Dell Raises PC Prices 15-20% as DRAM Costs Surge 45-50%, NAND 33-38%
Dell increased PC prices by 15-20% in Q4 2025 as DRAM and NAND chip prices surged 45-50% and 33-38% respectively due to AI-driven memory shortages. The price hikes should boost Dell’s PC segment revenue and margins given constrained memory supply and strong AI investment.
1. Barclays Upgrades Dell on AI Server Strength
Barclays analysts recently raised Dell Technologies to an overweight rating, highlighting robust AI server order flow and expanding opportunities in enterprise server and storage markets. The research team cited Dell’s disciplined operating expense management and the stability of its AI operating margins as key drivers of their positive outlook. This upgrade reflects growing confidence that Dell can capture a larger share of the rapidly growing AI infrastructure market over the next 12–18 months.

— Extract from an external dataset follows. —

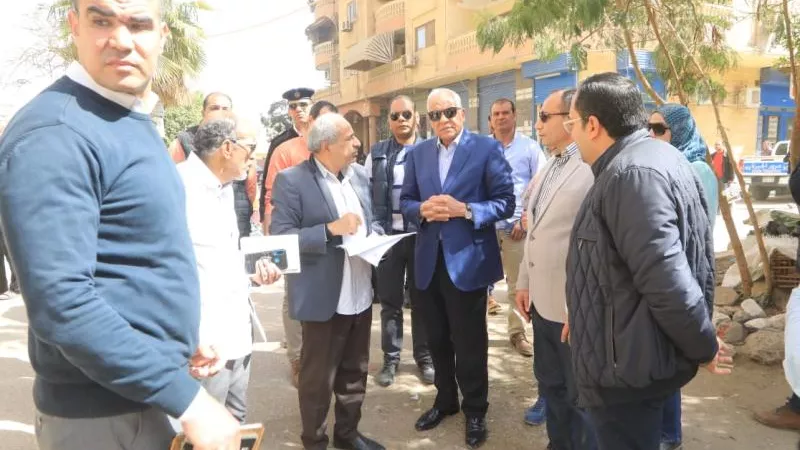 شاهد.. محافظ الجيزة يكشف احتياطي السلع الغذائية بالجمعيات الاستهلاكية ولدى البدالين التموينيين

2. Dell Implements PC Price Increases to Offset Memory Cost Pressures
During the fourth quarter of 2025, Dell adjusted its pricing strategy for its PC portfolio, raising average selling prices by approximately 15–20% in response to surging memory chip costs. Management indicated that these increases have been well received by enterprise customers, helping to preserve gross margins despite a severe global shortage of DRAM and NAND components. The company now expects these pricing measures to contribute meaningfully to profitability in the current fiscal year.
3. Data Center Peers Show Mixed Results as Dell Holds Ground
On January 16, Dell outperformed several of its computer-hardware peers in a broad chip-sector rally driven by renewed enthusiasm for AI infrastructure. While some competitors saw uneven reactions to shifting memory-cost expectations, Dell’s shares advanced modestly, underpinned by investor belief in its diversified revenue streams across servers, storage, and networking. This relative stability has reinforced Dell’s reputation as a go-to vendor for large enterprise data-center deployments.